TASK STATEMENT
Set down the line that has "Cyberpunk Mask T-Shirt" and each line beneath it, through the last line of the entries, exactly and with no others.

(Extracted data entries)
[Start of section]
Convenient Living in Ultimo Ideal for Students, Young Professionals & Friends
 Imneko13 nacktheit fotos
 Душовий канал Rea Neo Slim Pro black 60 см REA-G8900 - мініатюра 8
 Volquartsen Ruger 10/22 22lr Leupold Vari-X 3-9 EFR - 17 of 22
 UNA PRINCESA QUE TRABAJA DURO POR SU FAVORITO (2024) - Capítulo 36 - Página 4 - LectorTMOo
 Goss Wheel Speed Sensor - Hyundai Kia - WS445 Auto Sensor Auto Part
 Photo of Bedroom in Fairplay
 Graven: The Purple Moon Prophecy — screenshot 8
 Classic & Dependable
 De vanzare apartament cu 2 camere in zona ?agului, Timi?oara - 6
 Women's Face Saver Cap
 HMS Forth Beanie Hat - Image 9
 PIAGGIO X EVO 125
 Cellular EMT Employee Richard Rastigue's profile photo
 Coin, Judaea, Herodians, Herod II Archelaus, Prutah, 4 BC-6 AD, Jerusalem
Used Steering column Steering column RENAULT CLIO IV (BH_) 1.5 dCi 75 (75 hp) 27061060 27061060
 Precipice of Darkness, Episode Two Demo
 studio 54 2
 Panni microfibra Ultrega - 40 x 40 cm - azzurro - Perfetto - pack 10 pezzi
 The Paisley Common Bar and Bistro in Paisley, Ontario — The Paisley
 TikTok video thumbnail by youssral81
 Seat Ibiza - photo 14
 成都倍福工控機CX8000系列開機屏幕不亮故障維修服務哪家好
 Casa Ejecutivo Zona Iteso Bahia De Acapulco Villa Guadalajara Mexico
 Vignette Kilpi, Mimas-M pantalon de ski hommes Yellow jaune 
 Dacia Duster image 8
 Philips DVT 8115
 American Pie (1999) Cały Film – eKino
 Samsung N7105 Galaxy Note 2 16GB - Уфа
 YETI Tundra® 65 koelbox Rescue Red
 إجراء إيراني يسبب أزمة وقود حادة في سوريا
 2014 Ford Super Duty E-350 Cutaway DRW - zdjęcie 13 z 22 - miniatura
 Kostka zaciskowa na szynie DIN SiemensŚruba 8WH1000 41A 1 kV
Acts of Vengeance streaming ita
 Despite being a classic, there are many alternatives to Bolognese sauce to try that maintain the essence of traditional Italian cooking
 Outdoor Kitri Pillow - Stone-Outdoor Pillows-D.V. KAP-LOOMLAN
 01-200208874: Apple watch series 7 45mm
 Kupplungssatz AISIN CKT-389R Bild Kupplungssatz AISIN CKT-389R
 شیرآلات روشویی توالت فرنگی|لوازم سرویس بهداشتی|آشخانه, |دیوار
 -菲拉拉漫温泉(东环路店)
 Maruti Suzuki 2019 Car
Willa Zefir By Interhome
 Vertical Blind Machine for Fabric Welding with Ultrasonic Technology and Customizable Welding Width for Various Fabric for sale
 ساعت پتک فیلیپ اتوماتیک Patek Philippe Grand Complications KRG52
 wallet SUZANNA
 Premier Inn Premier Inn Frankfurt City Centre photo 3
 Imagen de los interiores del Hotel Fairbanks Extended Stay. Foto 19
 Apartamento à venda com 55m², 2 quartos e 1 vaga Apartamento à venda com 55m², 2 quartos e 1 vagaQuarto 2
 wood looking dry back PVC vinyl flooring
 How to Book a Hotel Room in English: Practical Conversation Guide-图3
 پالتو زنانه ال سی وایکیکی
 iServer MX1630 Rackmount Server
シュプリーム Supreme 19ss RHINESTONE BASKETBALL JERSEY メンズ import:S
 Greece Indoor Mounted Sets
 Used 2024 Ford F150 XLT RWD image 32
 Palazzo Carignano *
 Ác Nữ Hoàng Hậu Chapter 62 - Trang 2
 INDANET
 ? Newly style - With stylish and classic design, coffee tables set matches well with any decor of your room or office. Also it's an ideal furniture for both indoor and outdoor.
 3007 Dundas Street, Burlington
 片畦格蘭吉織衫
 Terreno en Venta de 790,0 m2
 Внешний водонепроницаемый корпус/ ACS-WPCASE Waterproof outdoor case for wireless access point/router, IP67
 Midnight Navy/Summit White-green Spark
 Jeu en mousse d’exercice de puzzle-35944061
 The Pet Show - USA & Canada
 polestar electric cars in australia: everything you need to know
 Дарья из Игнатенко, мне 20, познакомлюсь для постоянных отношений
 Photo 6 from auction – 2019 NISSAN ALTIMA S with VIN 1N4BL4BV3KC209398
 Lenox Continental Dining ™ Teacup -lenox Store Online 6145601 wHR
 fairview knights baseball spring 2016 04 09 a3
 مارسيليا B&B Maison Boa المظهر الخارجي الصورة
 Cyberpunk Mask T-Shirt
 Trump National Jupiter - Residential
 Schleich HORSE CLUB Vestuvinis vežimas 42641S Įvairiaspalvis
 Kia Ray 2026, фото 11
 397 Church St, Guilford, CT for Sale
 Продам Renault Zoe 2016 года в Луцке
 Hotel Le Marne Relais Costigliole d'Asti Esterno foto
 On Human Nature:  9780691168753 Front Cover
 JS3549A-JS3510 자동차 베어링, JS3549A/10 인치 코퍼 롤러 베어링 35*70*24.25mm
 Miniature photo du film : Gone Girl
[End of section]
WRITTEN SOLUTION
 Cyberpunk Mask T-Shirt
 Trump National Jupiter - Residential
 Schleich HORSE CLUB Vestuvinis vežimas 42641S Įvairiaspalvis
 Kia Ray 2026, фото 11
 397 Church St, Guilford, CT for Sale
 Продам Renault Zoe 2016 года в Луцке
 Hotel Le Marne Relais Costigliole d'Asti Esterno foto
 On Human Nature:  9780691168753 Front Cover
 JS3549A-JS3510 자동차 베어링, JS3549A/10 인치 코퍼 롤러 베어링 35*70*24.25mm
 Miniature photo du film : Gone Girl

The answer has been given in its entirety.